Senate Democrats on Thursday continued their campaign to improve the image of the new health care reform law among seniors and woo this key voting bloc in advance of the midterm elections.
During a news conference in the Capitol, Democratic Sens. Max Baucus (Mont.), Jeff Bingaman (N.M.) and Sheldon Whitehouse (R.I.) announced that rebate checks worth $250 each have been mailed to millions of Medicare recipients who have previously been ineligible for prescription drug coverage. The new law eliminated this gap in coverage, also known as the “doughnut hole,” although critics contend the policy raised insurance rates for all Medicare recipients who use the prescription drug coverage.
“Today, the effort to close the doughnut hole starts to become a reality,” said Baucus, who was flanked by a handful of seniors activists. “Seniors will find a $250 check in their mailbox to help them pay their prescriptions.”
Full Medicare insurance coverage for prescription drugs is phasing in over time beginning this week and is expected to be fully implemented in 2020.
“It’s unfortunate that we could not [immediately] eliminate the doughnut hole as a part of the health care reform bill.
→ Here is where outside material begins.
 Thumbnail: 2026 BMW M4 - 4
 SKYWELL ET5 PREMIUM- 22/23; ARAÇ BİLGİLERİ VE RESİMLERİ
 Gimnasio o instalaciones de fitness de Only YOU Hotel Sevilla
But everything costs money,” Bingaman said.
Whitehouse said the elimination of the prescription drug insurance funding gap in Medicare would help approximately 15,000 seniors in Rhode Island. Whitehouse described this week’s mailing of rebate checks as a “very good start.”
Public polling of the new health care reform law since it was enacted in late March has consistently shown voter disapproval to be just over 50 percent, with approval being just above 40 percent. Seniors have been skeptical of the law, worried that its mandated $500 million cut in Medicare funding would diminish their access to quality care.